Like many in the Duke and Durham community, I was deeply distressed to learn of last week’s appearances of white nationalist materials on campus. This follows the heart-wrenching vandalism from the week before, in which a swastika defaced a beautiful tribute to Pittsburgh’s synagogue victims. And like many in the community, I am both infuriated and bewildered that such grotesque acts are occurring in the place I have lived, worked and raised my family for over 15 years.

My immediate instinct was to echo prior statements that hatred of any kind has no place in our community, and that we must work together to eradicate all despicable intolerance from within. But upon reflection, I’m not sure that’s the right message.  As an active member of both Duke’s and Durham’s Jewish community—my work includes a stint as president of a Durham synagogue and a term on the board at Durham’s Jewish day school—I have dedicated considerable hours to building a Jewish life for my family, children and fellow congregants. Thinking of them, and of the community, makes me reconsider the instinctive reaction.

After a Thanksgiving of reflection, I can distill my thoughts into two messages.

First, to those who are peddling in Neo-Nazi symbols: you are not succeeding. With each act of vandalism, anonymous posting, or graffitied swastika, my inbox is filled with messages of support from my non-Jewish colleagues and friends. I am certain that every Jewish student and staff person can report the same.  With each effort to intimidate, you are triggering an outpouring of support for Jews at Duke and in Durham. With each attempt to make Jews feel uncomfortable here, you are reminding us that we belong.

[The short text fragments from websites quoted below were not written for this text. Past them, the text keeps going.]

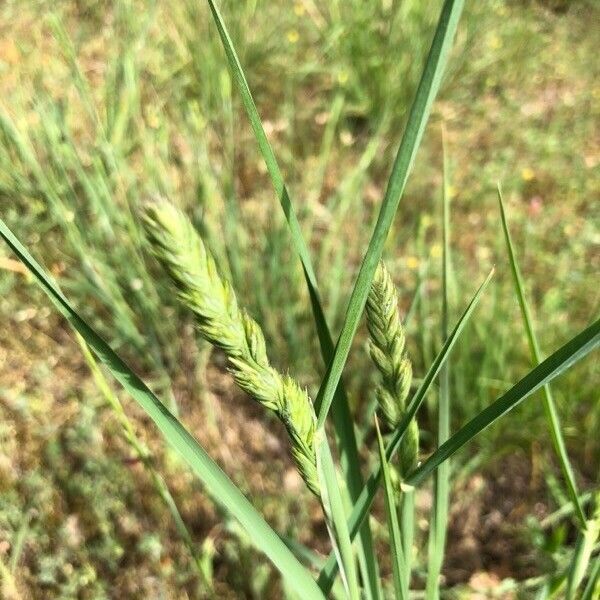 Agropyron cristatum Blomst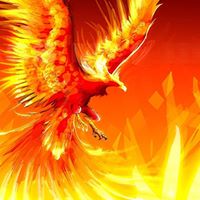 David Leclercq Photo 24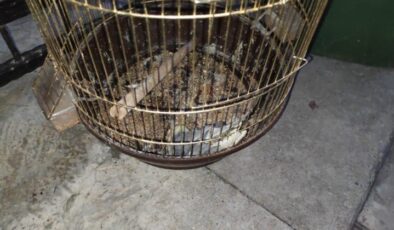 İŞYERİNDE ÇIKAN YANGINDA PAPAĞAN TELEF OLDU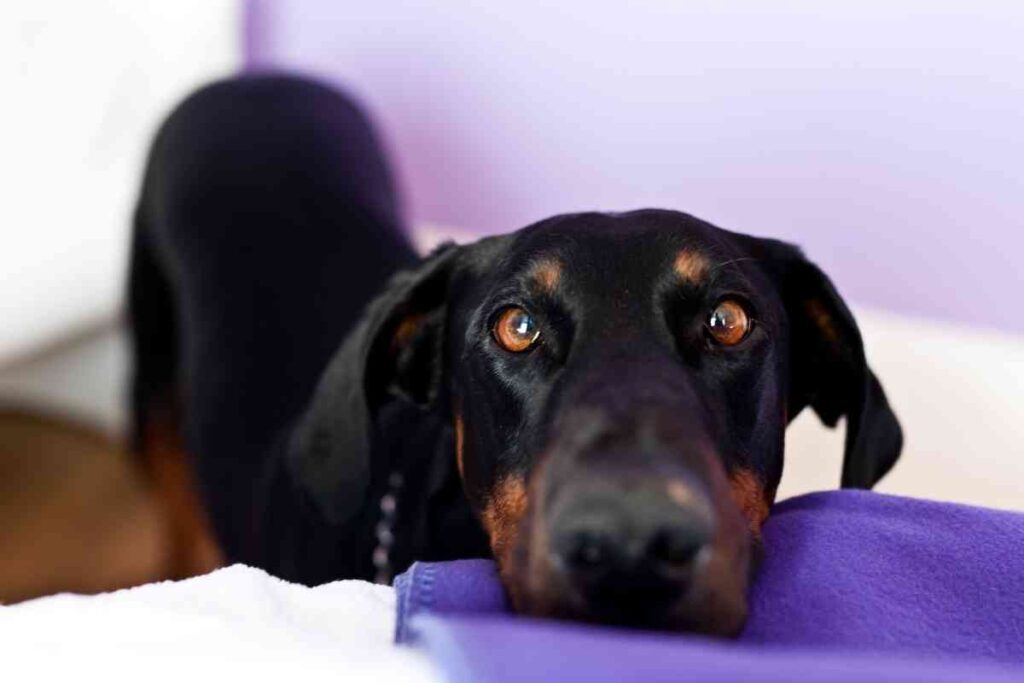 Can Puppies Eat Tangerines? Is Citrus Safe For Puppies? Goldendoodle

You also should know that part of your failure is in how antithetical your effort is to the university’s mission. We value ideas, and you have not expressed any ideas. Stickers and pamphlets are not ideas. Swastikas and hanging nooses are not ideas. Defacements are certainly not ideas (and are themselves grounds for real punishment). You are welcome as members of our university community if you live by the rules that the rest of us follow: you must engage in civil discourse, articulate ideas, and support claims with reason and evidence. We do not strive for ideological uniformity—to the contrary, we embrace a diversity of ideas and would benefit from constructive dialogue between all political circles—but the university’s first principles demand a language of substance.

And to my fellow Jewish community members, especially to our undergraduates: I am honored to share this place with you. I hope you know how important you are to those of us who have made Durham our home, and I hope you also know how special this community is. I am overjoyed, as you should be, that ours is a community that created the beautiful Pittsburgh tribute at the free expression tunnel. A disgraceful defacement does not change who we are.

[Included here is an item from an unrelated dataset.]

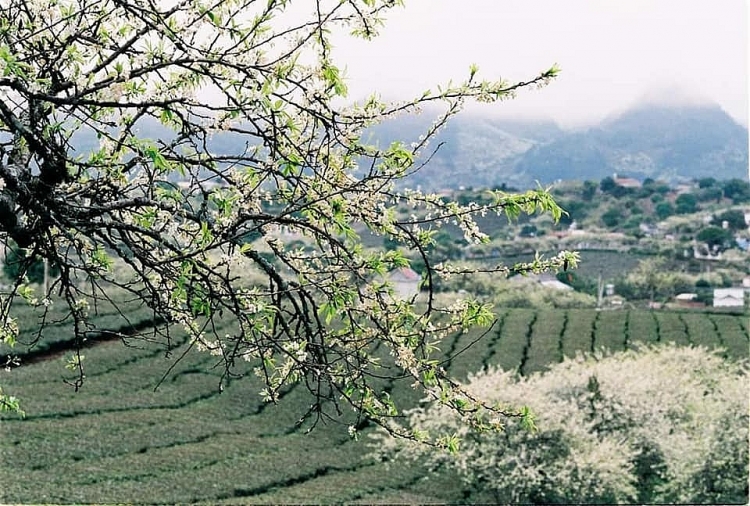 Truy lùng tọa độ săn mùa hoa mận nở đẹp nhất Mộc Châu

We should also remind ourselves of our history. One of our people’s remarkable achievements has been our ability to make a home in unfamiliar places. We have wandered the globe to make homes in distant corners, each time building community bonds while becoming patriots and cornerstones in the states where we settle. We have now made our home in Durham, N.C., and we thrive here as we’ve thrived elsewhere. That is our quiet but overwhelming response to hatred.  

And Duke, at its core, is the mirror image of our story: it has prospered as it has grown from a regional to a national to an international university. Its strength has been its openness to scholars from across the world. Just as we have thrived by dispersing to unfamiliar places, Duke thrives by gathering diversity and teaching all of us about the unfamiliar.

You should know that Duke is an exceptional place for you, for us. Yes, we will speak with one voice against hateful prejudice, and we must show love and support for our Muslim, African-American, Mormon, undocumented, and other community members that have been targets of hate and intolerance. But our better weapon is the same as our primary task here. We should embrace the stimulating intellectual and cultural community that surrounds us—we should learn, study, grow and thrive—and make this the home that we want it to be.

Barak Richman is the Bartlett Professor of law and business administration.